Sample code in Coliru :
#include <iostream> #include <sstream> #include <string> int main() { double d; std::string s; std::istringstream iss("234cdefipxngh"); iss >> d; iss.clear(); iss >> s; std::cout << d << ", '" << s << "'\n"; }
Here I read N3337 (presumably this is the same as C ++ 11). In [istream.formatted.arithmetic] we have (rephrase):
operator>>(double& val);
As with the inserts, these extractors depend on the local num_get <> object (22.4.2.1) to analyze the input stream data. These extractors behave as formatted input functions (as described in 27.7.2.2.1). After creating the watch object, the conversion occurs as if it were performed by the following code fragment:
typedef num_get< charT,istreambuf_iterator<charT,traits> > numget;
iostate err = iostate::goodbit;
use_facet< numget >(loc).get(*this, 0, *this, err, val);
setstate(err);
A look at 22.4.2.1:
The details of this operation are performed in three steps.
- Step 1: definition of the conversion specifier
- Step 2: Extract the characters from and determine the appropriate char value for the format expected from the conversion specification defined in step 1.
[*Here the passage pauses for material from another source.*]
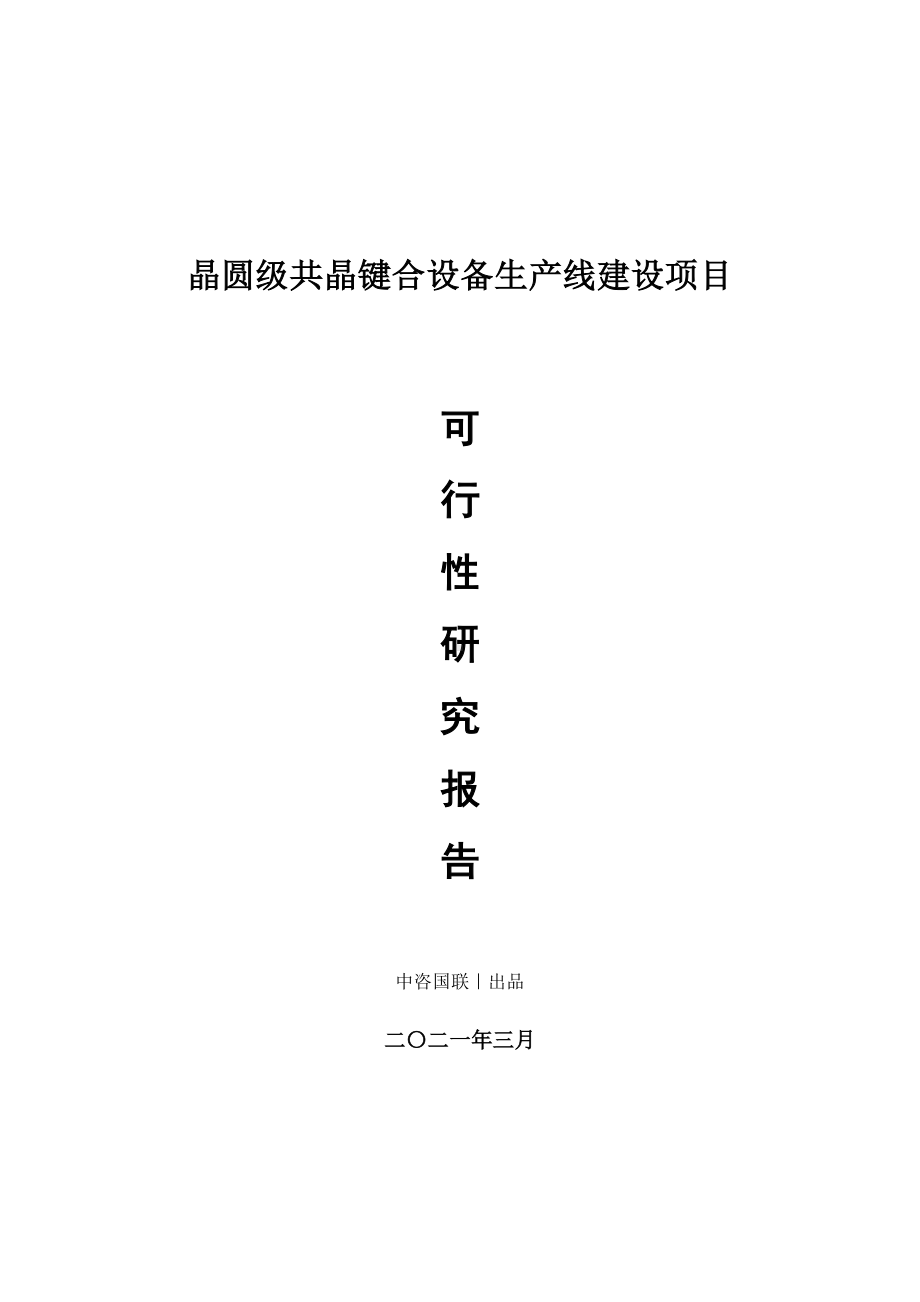 晶圆级共晶键合设备生产建设项目可行性研究报告.doc_第1页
- Step 3: Save the results
In the description of stage 2, it is too long for me to insert it all here. However, it is clearly stated that all symbols must be extracted before attempting conversion; and, in addition, it is necessary to extract the following characters:
- any of
0123456789abcdefxABCDEFX+- - Locale
decimal_point() - Locale
thousands_sep()
Finally, the rules for stage 3 include:
- for the floating point strtold function.
The numeric value that you want to save can be one of the following:
- zero if the conversion function cannot convert the entire field.
All of this, obviously, clearly indicates that the output of my code should be 0, 'ipxngh' . However, he does deduce something else.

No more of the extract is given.